Septième Réunion régionale européenne de Budapest Equilibrer développement social et développement économique

La région Europe et Asie centrale, qui joue un rôle de premier plan dans la mondialisation de l'économie, montre également la voie en matière d'intégration économique, monétaire et politique, non seulement dans l'Union européenne, mais également dans la Communauté des Etats indépendants (CEI). La principale tâche des gouvernements est de juguler le chômage qui continue de sévir en Europe, orientale et occidentale, et en Asie centrale. Ils doivent pour cela prendre des mesures énergiques pour assurer un développement économique et social durable. Tel est le message d'un rapport rédigé en vue de la Réunion régionale européenne qui doit se tenir à Budapest du 14 au 18 février prochains. Entretien du BIT en ligne avec Philippe Egger, expert du BIT.

Article | 10 février 2005

BIT en ligne: Une croissance languissante dans l'Union européenne, une pauvreté persistante dans de nombreuses régions d'Europe orientale et d'Asie centrale. On dit que l'Europe est à la traîne. Qu'en pensez-vous?

Philippe Egger: Une étude récente confirme que l'Europe reste la zone la plus attirante pour les investissements directs: en 2003, elle a reçu 52 pour cent des investissements directs étrangers (IDE) mondiaux. Au sein de l'Europe, c'est l'Europe occidentale qui constitue, d'après les décideurs, le principal pôle d'attraction mondial, l'Europe orientale arrivant au second rang. L'intensification des échanges consécutive à l'ouverture des frontières favorise la diffusion des nouvelles technologies, accélère la circulation des produits et services, dope les marchés, intérieurs et étrangers, et favorise l'investissement.

Par ailleurs, seuls cinq pays d'Europe centrale ont enregistré en 2002 un PIB par habitant supérieur à celui de 1989. Malgré la rapide croissance de ces dernières années, les revenus moyens des pays de la CEI, notamment la Fédération de Russie, et de plusieurs pays d'Europe du Sud-Est, sont plus bas qu'en 1989. L'amélioration du niveau de vie y a été freinée par une pauvreté persistante et par l'aggravation des inégalités de revenus.

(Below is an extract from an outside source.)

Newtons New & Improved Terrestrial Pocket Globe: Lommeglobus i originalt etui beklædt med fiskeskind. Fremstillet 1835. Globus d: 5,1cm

Les sondages effectués par l'UE montrent que les deux thèmes les plus importants pour les européens sont l'emploi et l'économie, suivis par la criminalité, les soins de santé et l'immigration. La principale tâche des gouvernements est de juguler les deux fléaux qui touchent l'Europe orientale et occidentale et l'Asie centrale: un chômage élevé et de faibles taux d'emploi. Cela suppose une gouvernance dynamique et responsable, seule à même de garantir un développement économique et social équilibré.

BIT en ligne: Quelles sont les implications économiques et sociales de la mondialisation pour l'Europe?

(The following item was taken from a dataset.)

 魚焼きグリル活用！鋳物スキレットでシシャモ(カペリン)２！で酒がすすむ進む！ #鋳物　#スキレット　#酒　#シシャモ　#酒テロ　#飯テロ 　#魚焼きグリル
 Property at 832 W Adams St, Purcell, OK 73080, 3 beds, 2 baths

Philippe Egger: La libéralisation économique et l'interdépendance ouvrent de nombreuses nouvelles perspectives à l'investissement et à la croissance, mais elles s'accompagnent également de risques inédits et d'incertitudes plus marquées. Une grande partie de ces risques ont des implications économiques et sociales, qu'il s'agisse de viabilité de l'entreprise, de sécurité de l'emploi et du revenu, de conditions de travail, de migrations et de protection sociale. On ne compte plus, dans la région, les cas d'externalisation, de fermeture d'entreprises et de délocalisations. L'une des caractéristiques de nos économies de marché modernes est la disparition d'activités devenues obsolètes et non rentables, et la constante restructuration de nouveaux secteurs d'activités. On estime généralement que, dans les économies industrialisées, il y a chaque année création et disparition d'un emploi sur dix.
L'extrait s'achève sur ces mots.